* **Your goal**
Return the lines of the data below in which the string "with" occurs.

* **Data records**

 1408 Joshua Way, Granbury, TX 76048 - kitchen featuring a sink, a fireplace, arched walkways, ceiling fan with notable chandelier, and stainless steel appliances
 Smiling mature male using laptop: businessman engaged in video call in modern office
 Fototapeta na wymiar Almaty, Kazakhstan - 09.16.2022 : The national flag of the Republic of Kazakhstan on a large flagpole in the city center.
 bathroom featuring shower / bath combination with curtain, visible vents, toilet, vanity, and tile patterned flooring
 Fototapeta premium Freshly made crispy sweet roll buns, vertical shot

==

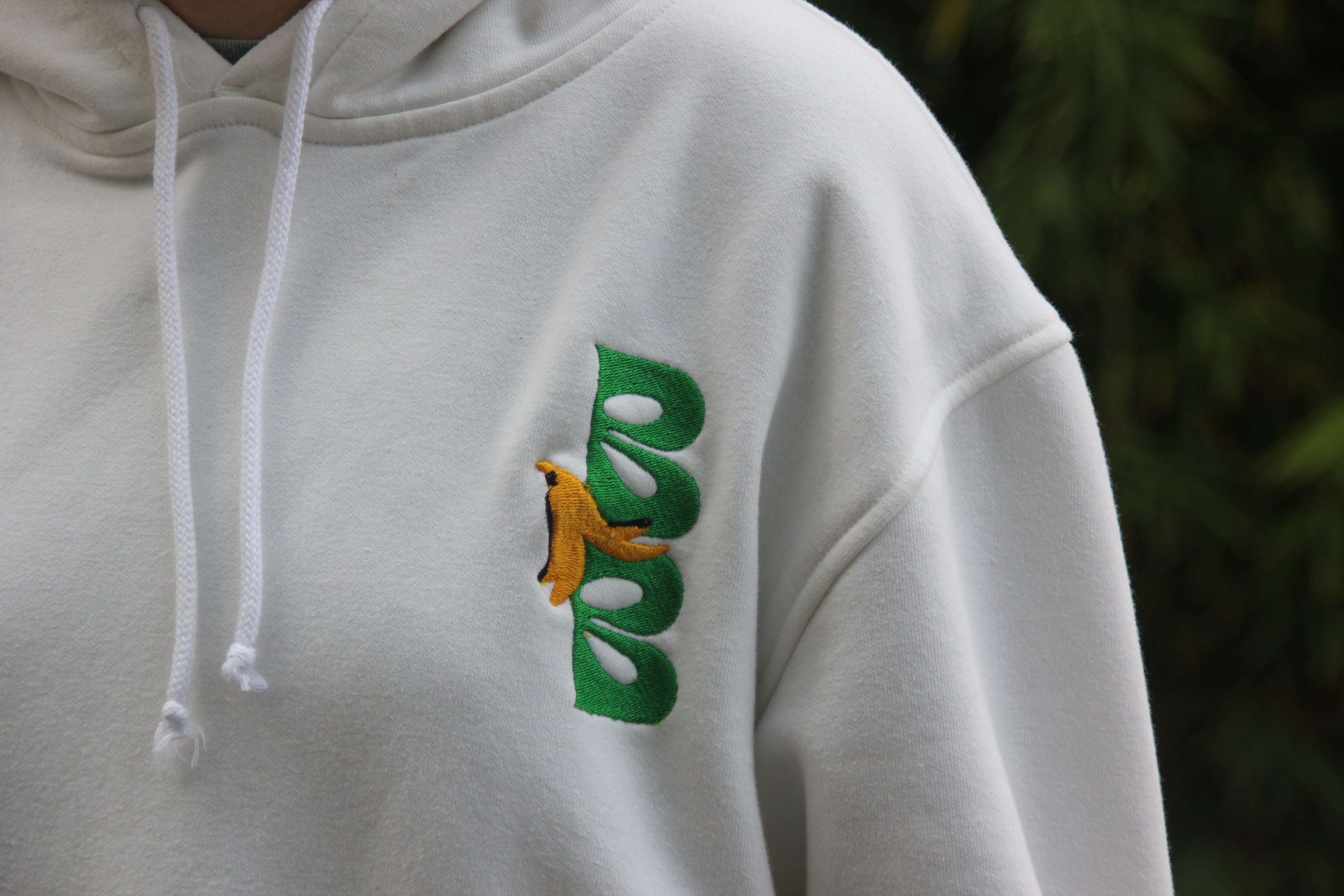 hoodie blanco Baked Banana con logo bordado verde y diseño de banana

* **Written answer**
 1408 Joshua Way, Granbury, TX 76048 - kitchen featuring a sink, a fireplace, arched walkways, ceiling fan with notable chandelier, and stainless steel appliances
 bathroom featuring shower / bath combination with curtain, visible vents, toilet, vanity, and tile patterned flooring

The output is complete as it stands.